Figure 4B shows that the adsorption capacity of the Chi–Ser material remains constant at pH values above 4. A higher initial Pt(IV) concentration generates a stronger concentration gradient between the solution and the adsorbent surface. This gradient serves as the driving force for adsorption, leading to an increased uptake of Pt(IV) ions by the Chi–Ser material. At lower initial concentrations, ample free adsorption sites are available to accommodate all Pt(IV) ions present in the solution. However, as the initial concentration rises, these sites gradually become occupied, reducing the adsorption rate. Eventually, equilibrium is reached when all adsorption sites are saturated, with the maximum adsorption capacity of the material observed at 70 mg/L Pt(IV), corresponding to 7.23 mg/g. At very low initial concentrations, adsorption efficiency may decline due to excessive solution dilution. Conversely, at very high concentrations, the cost of effluent treatment can increase significantly, while the adsorption capacity of the material becomes a limiting factor [63].
Although the adsorption capacity of Chi–Ser is lower than that of other similar adsorbent materials—such as thiourea-modified magnetic biocarbons, Tu–N–SCG–C–A [1], L-lysine-modified crosslinked chitosan resin [27], glycine-modified crosslinked chitosan resin [38], and dibenzo-30-crown-10 ether immobilized on Amberlite XAD7 resin [64]—it offers several important advantages: (i) the reagents used in the synthesis of the material are environmentally friendly and relatively inexpensive; (ii) it can be used for the recovery of Pt(IV) at low concentrations (10 mg/L–80 mg/L) with good efficiency; and (iii) platinum with relatively high purity can be recovered through calcination, as the material contains only organic compounds.
Figure 5 illustrates the relationship between the amount of adsorbed substance and its concentration in solution at equilibrium, as described by the Langmuir, Freundlich, and Sips adsorption isotherms. These isotherms provide a mathematical framework for modeling the adsorption process.
To analyze the interaction between the adsorbent and adsorbate, adsorption isotherms were applied. In this study, the Langmuir, Freundlich, and Sips isotherms were used at 298 K to evaluate Pt(IV) adsorption on the Chi–Ser material.

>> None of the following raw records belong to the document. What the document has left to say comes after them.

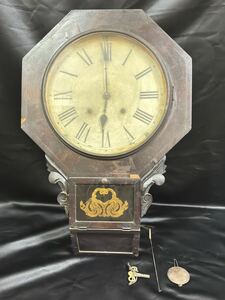 アンティーク ジャンク 掛時計 古時計 レトロ 振り子時計 ゼンマイ式 六角USA Welch eight clock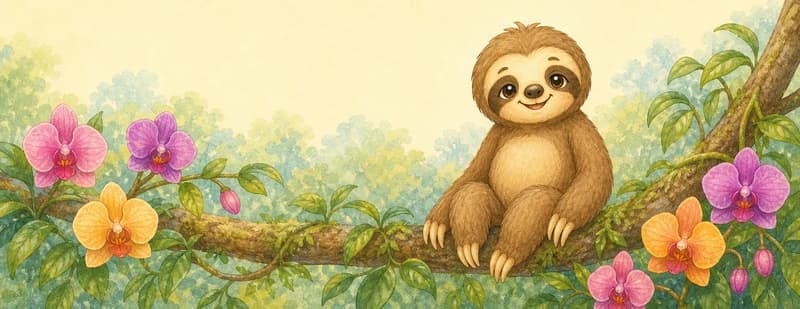 Octavio sits or hangs in a tree whose branches are decorated with several orchid blossoms (a few simple, brightly-colored orchid flowers among the leaves). Mood: peaceful and homey.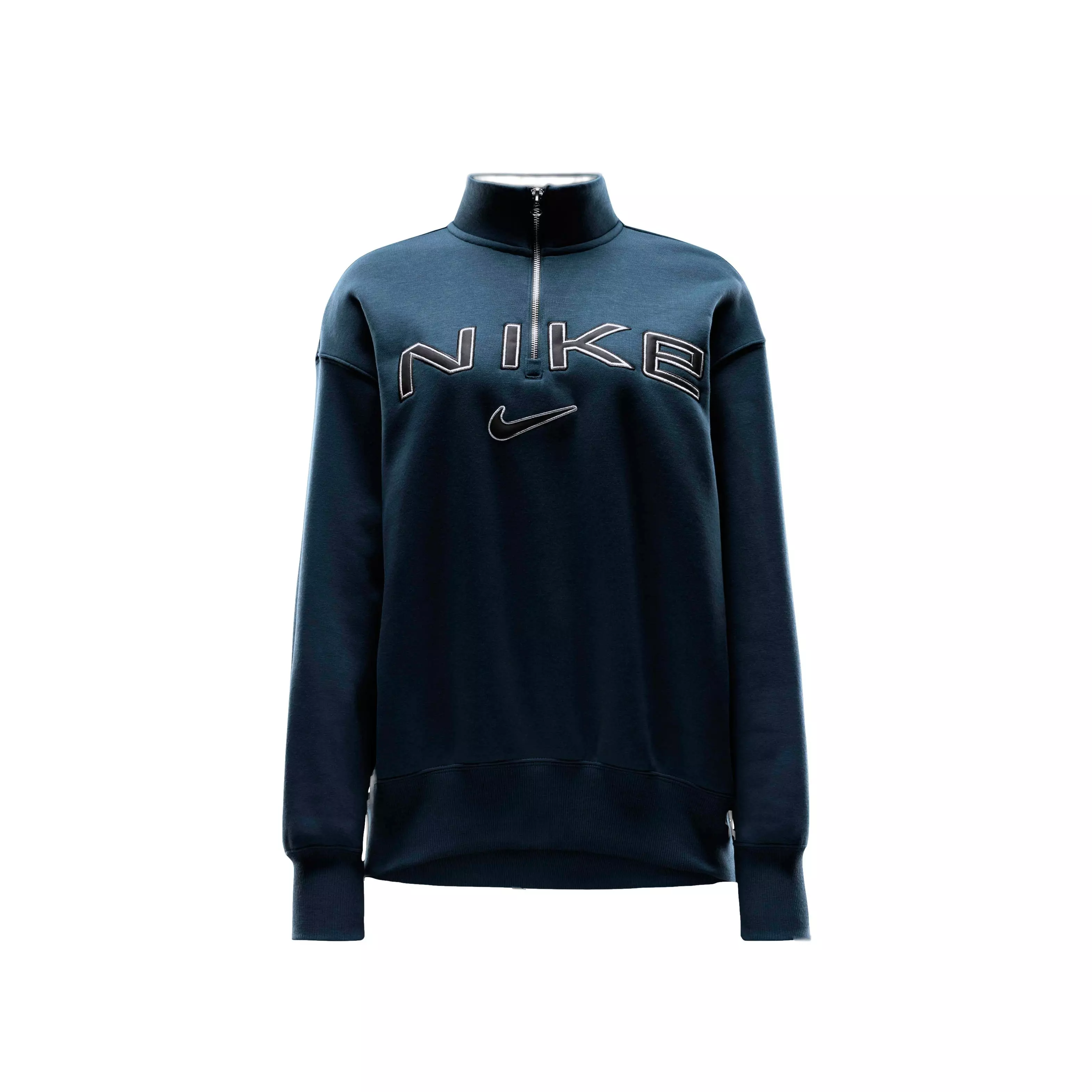Nike Women's Sportswear Poenix Fleece Oversized 1/4-Zip Logo Top - NAVY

As shown in Figure 5, the experimental values of qe increase progressively with higher initial Pt(IV) concentrations. The fitting results of the adsorption isotherm models, along with their derived parameters, are summarized in the Table 1. Based on the R2 and RMSE values, the Langmuir and Freundlich models exhibit lower correlations for Pt(IV) adsorption compared to the Sips model. These findings suggest that the adsorption of Pt(IV) on Chi–Ser follows the Sips model, indicating the possibility of multilayer adsorption.

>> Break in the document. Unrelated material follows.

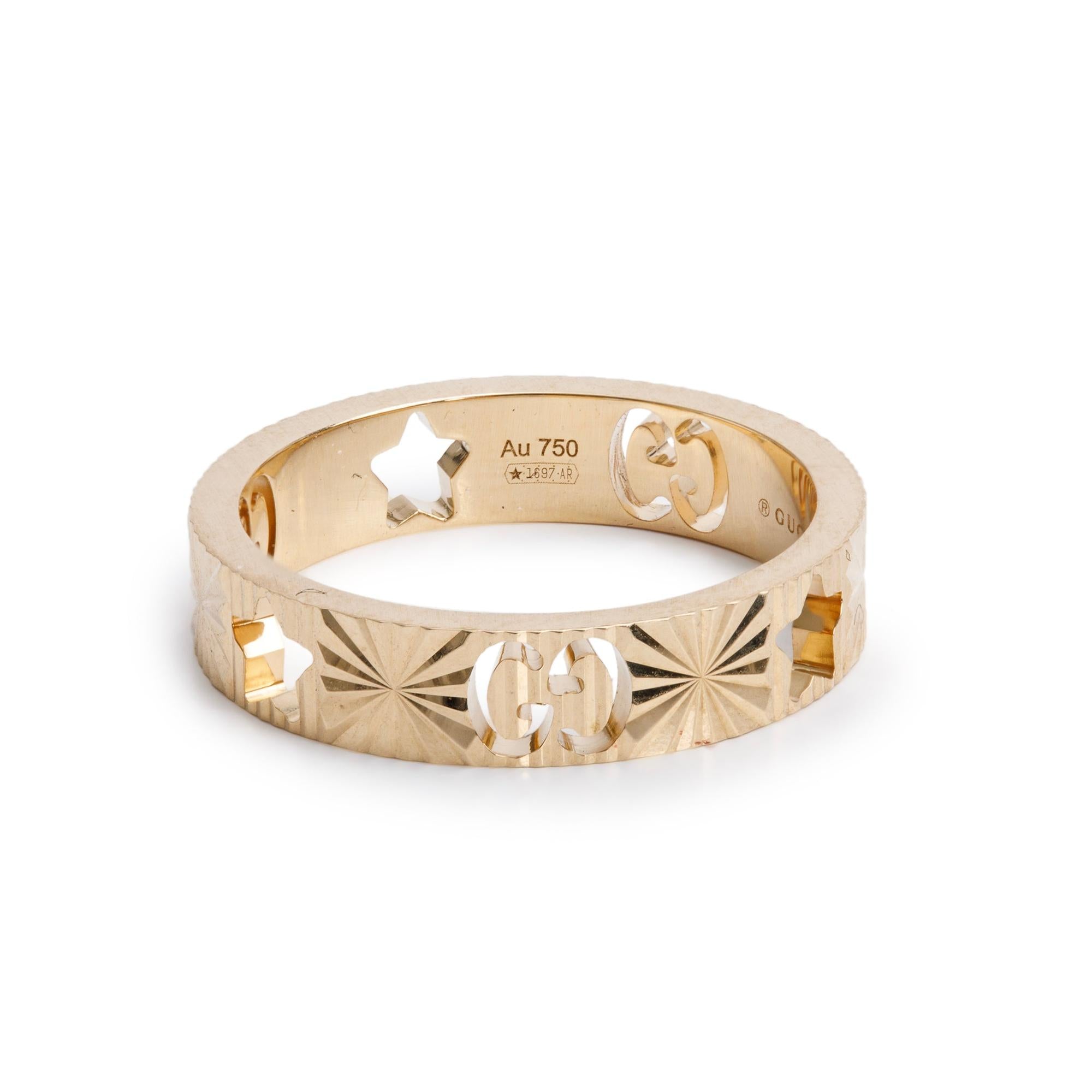 Gucci 18k Yellow Gold Icon Star Ring, Size 4.75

3.3. Pt(IV) Recovery Through Fixed-Bed Column Studies

Key parameters for assessing the efficiency of an adsorbent material in a dynamic system include the effluent flow rate, the height of the fixed bed, and the contact time [1,33]. In the adsorption column, phenomena such as axial dispersion, external film resistance, and intraparticle diffusion resistance may occur. These processes are mathematically described by models that correlate axial dispersion, mass transfer, and intraparticle diffusion. To understand the adsorption mechanism of Pt(IV) and optimize the design of the dynamic adsorption process, it is essential to monitor the evolution of the residual effluent concentration over time. In this context, the Bohart–Adams, Thomas, and Clark models are commonly employed to analyze and predict the dynamic behavior of the column [34].
The column model plots and corresponding parameters for all tested models in the dynamic adsorption process are shown in Figure 6, Figure 7 and Figure 8 and Table 2, respectively. It can be observed that all applied models reasonably fit the variation in the amount of adsorbed substance. The correlation coefficients for all models are high, indicating their validity in this study. Among the models, the Clark model demonstrates the highest values for the coefficient of determination (R2) and lower values for root mean square error (RMSE), regardless of the amount of adsorbent material used. Therefore, it can be concluded that the Clark model most accurately describes the adsorption process mechanism in a dynamic system.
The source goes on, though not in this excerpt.